WASHINGTON — U.S. retailers and brands came under fire in the Senate Thursday for refusing, with the exception of three companies, to sign a legally binding Bangladesh fire and safety plan.
Sen. Robert Menendez (D., N.J.), chairman of the influential Foreign Relations Committee, took a hard line against American companies that have formed their own alliance to tackle fire and building safety issues in Bangladesh after declining to sign an international accord, warning them to get their act together “sooner rather than later.”
The committee stepped into the controversy swirling around inadequate fire and building safety standards and enforcement in the Asian nation’s apparel industry in the wake of the Rana Plaza building collapse in April that has claimed 1,129 lives and a fire at Tazreen Fashions in November that killed 112 garment workers.
“Why is it that only a handful of American retailers have signed on, but many more European companies have signed on to the IndustriALL accord?” asked Menendez, addressing the hearing, which included three Obama administration officials and an attorney representing major retail and apparel industry groups. “What confidence can you give me that there are serious efforts under way by American retailers to help improve labor conditions?”
Eric Biel, acting associate deputy undersecretary for international affairs at the Department of Labor’s Bureau of International Labor Affairs, noted that the Labor Department is not endorsing any plan, but said, “It is our hope that as some of the details become clearer [with implementation of the IndustriALL-led accord], maybe some of those concerns will be obviated and there will be momentum for additional [U.S.] brands to sign on, but they have to make their own determination.”
An alliance of North American retailers led by Wal-Mart Stores Inc. and Gap Inc. has declined to sign the IndustriALL Global Union-led Accord on Fire and Building Safety in Bangladesh, citing concerns over legal liabilities.
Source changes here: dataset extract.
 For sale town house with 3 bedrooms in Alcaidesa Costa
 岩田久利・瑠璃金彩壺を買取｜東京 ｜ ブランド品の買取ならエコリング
The alliance is formulating its own safety plan, which it said it hopes to unveil next month.
Forty-three retailers and brands have signed the IndustriALL-led accord, but only three of them are from the U.S. — PVH Corp., Abercrombie & Fitch Co. and Sean John.
“While the U.S. retail and apparel industry shares IndustriALL’s goal of improving worker safety to make more tangible progress on the ground, U.S. companies have raised several concerns regarding the accord, including the vague and ambiguous terms which potentially hold unlimited legal liabilities,” said Johan Lubbe, who testified on behalf of the Wal-Mart/Gap-led alliance and is U.S. practice cochair for international employment law at the law firm Littler Mendelson. “The IndustriALL accord should not be viewed as the sole response and solution to the situation in Bangladesh. U.S. and Canadian companies have come together in alliance to develop a single, unified action plan that they believe will achieve immediate and sustainable long-lasting change for the garment industry in Bangladesh.”
Menendez pushed back and said, “At the end of the day, I get concerned when I hear about the industry’s unwillingness to join a more global standard. Regardless of whether it is Bangladesh today or some other place tomorrow, we have to have a global standard so that we don’t have a race to the bottom. I think Rana Plaza shows the limits of individual corporate responsibility campaigns.”
Menendez said the AFL-CIO’s petition seeking to revoke Bangladesh’s trade preferences under the U.S. Generalized System of Preferences has languished for six years, “giving us an example of how everybody turns a blind eye until something happens, and I can assure you something is going to happen,” he warned, unless the industry “gets its act together and establishes a standard.”
Celeste Drake, trade policy specialist at the AFL-CIO, said labor groups are concerned that the North American alliance plan will be voluntary, with no legally binding components. They are also concerned about having two separate accords.
“What we are really afraid of is that this new alternative plan with the Bipartisan Policy Center sounds good, but if it ends up being more corporate-directed social responsibility, but not giving workers the power to speak up for themselves and be monitors of their own health and safety, it simply is not going to work,” Drake said.
The administration officials said the Bangladesh government must take strong steps to show that it is seriously addressing the labor and safety issues in the garment industry, in order to retain its GSP benefits, which are in jeopardy and currently under review. They said the government has taken positive steps, such as agreeing to allow workers to form unions without factory owner approval and convening a commission to look at raising the minimum wage, which stands at $37 a month for garment workers, and committing to hiring more labor inspectors, up to 800 in the short term.
“We believe three key reforms are particularly important to improve workers’ lives in the near term — guaranteeing workers’ rights to organize, guaranteeing fire safety, and ensuring structural soundness of factories and other facilities,” said Robert Blake, assistant secretary of state for South and Central Asian Affairs at the State Department.
Lewis Karesh, assistant U.S. Trade Representative for labor, said administration officials have outlined specific concerns to the Bangladeshi government as part of the GSP review, including actions they should take to allow greater freedom of association, enabling workers to form and operate unions, and allowing nongovernmental organizations to assist them in ensuring they have safe factories in which to work.